- **WORK TO COMPLETE**: The records below are to be transcribed exactly, with the pictures removed.

- **RECORDS PROVIDED**:
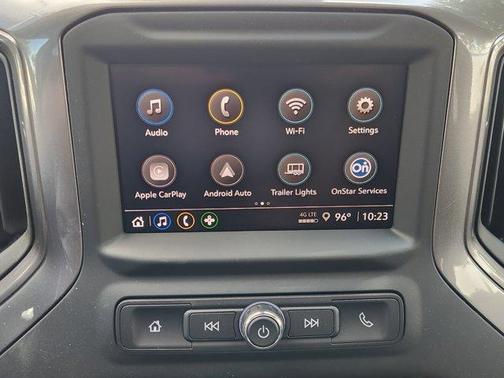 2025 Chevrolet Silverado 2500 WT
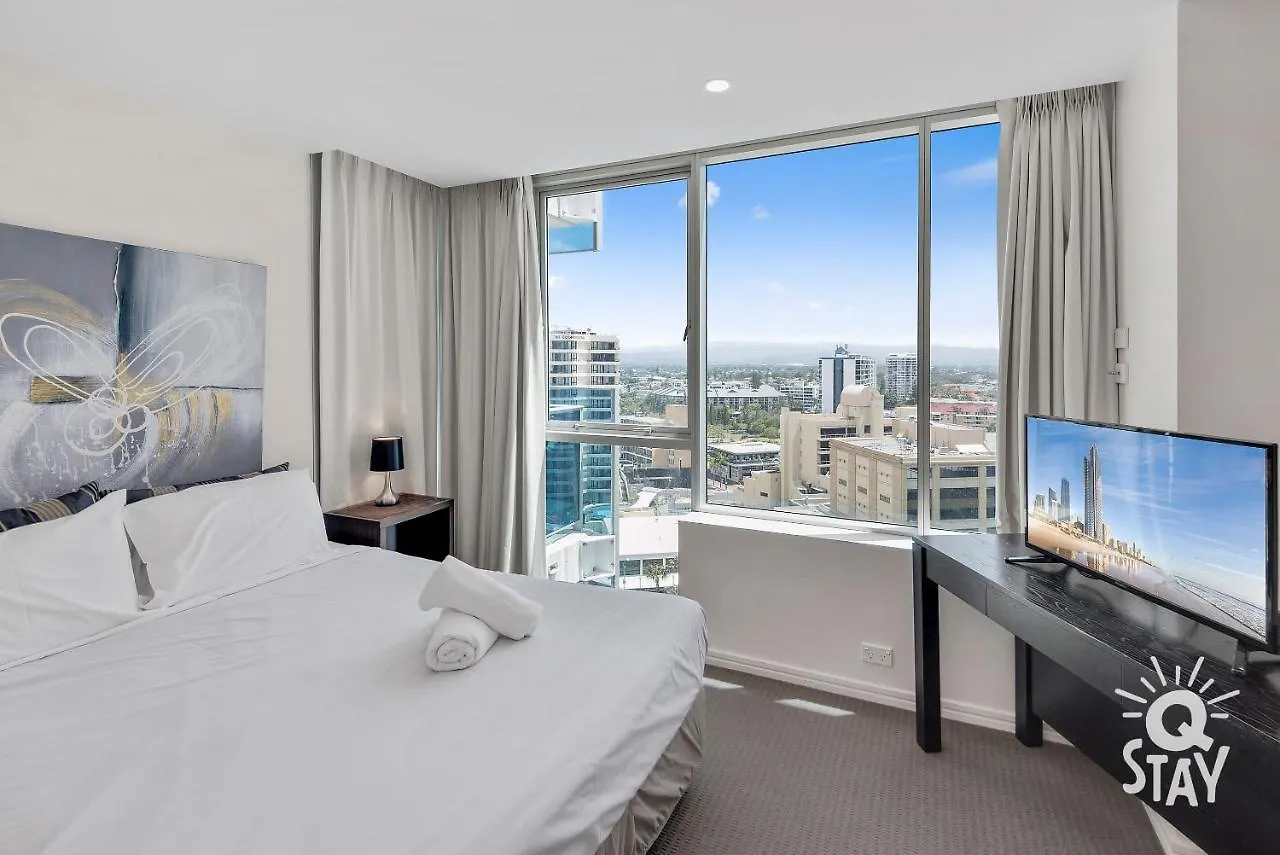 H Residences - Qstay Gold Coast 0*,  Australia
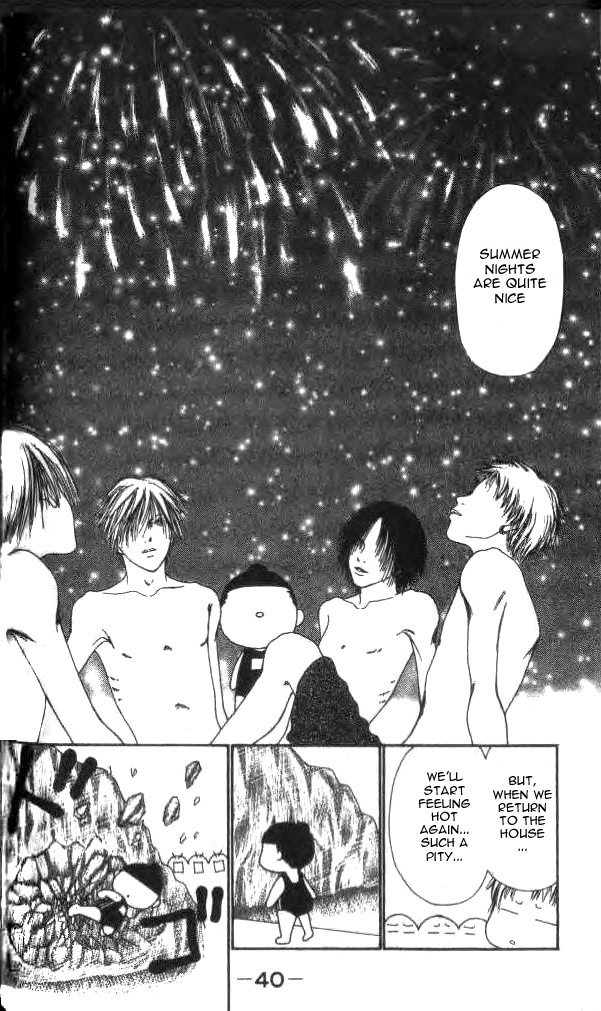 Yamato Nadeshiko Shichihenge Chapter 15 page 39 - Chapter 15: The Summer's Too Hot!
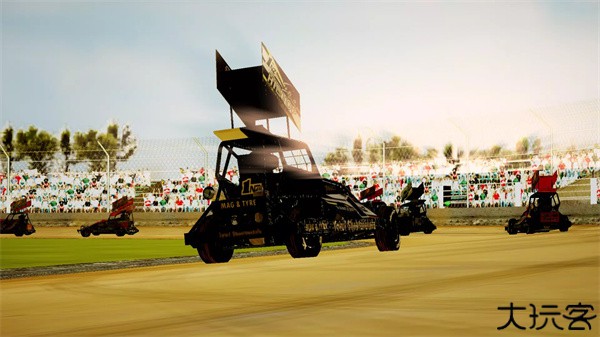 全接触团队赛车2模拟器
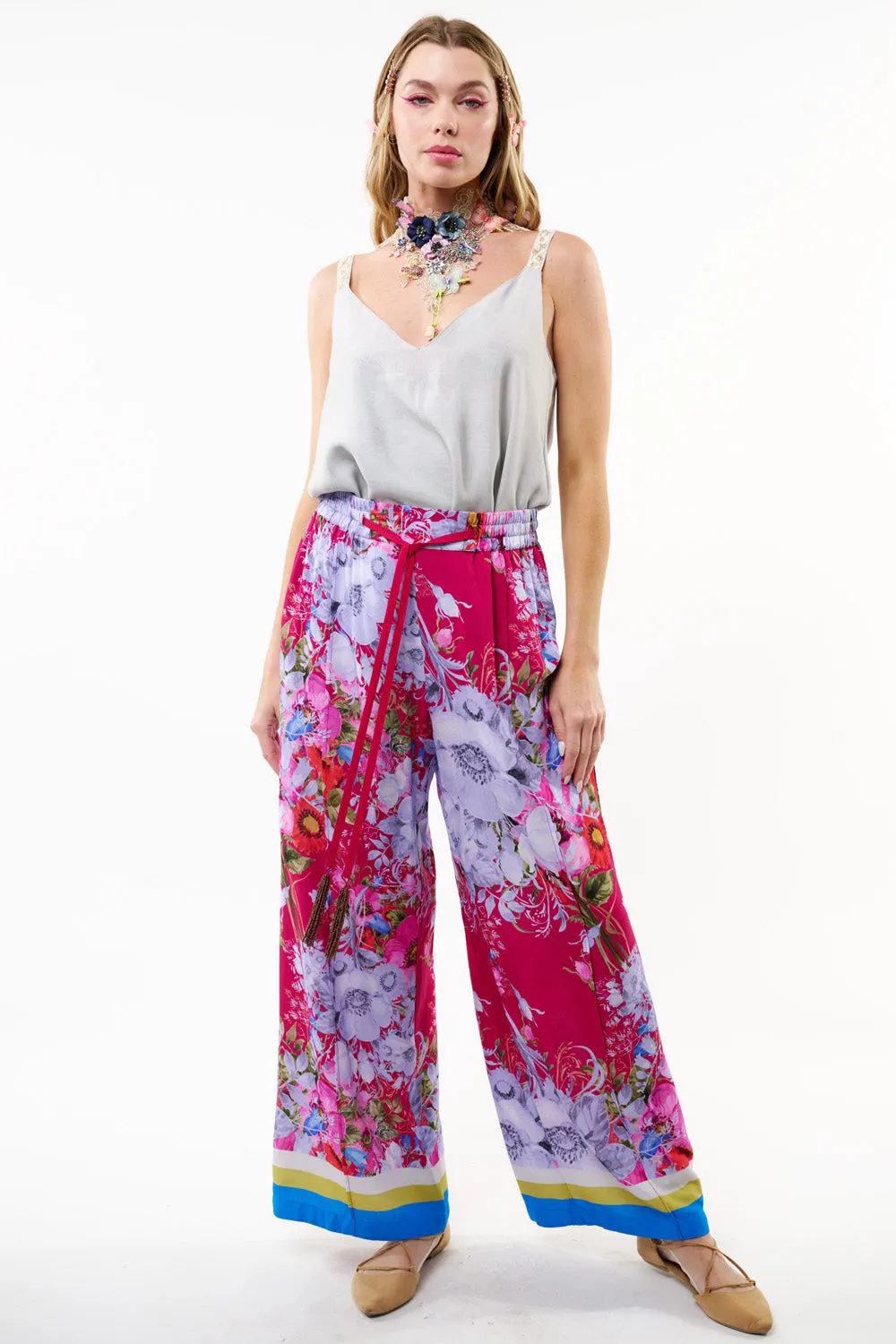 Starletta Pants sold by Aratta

- **RESPONSE TO THE TASK**:
 2025 Chevrolet Silverado 2500 WT
 H Residences - Qstay Gold Coast 0*,  Australia
 Yamato Nadeshiko Shichihenge Chapter 15 page 39 - Chapter 15: The Summer's Too Hot!
 全接触团队赛车2模拟器
 Starletta Pants sold by Aratta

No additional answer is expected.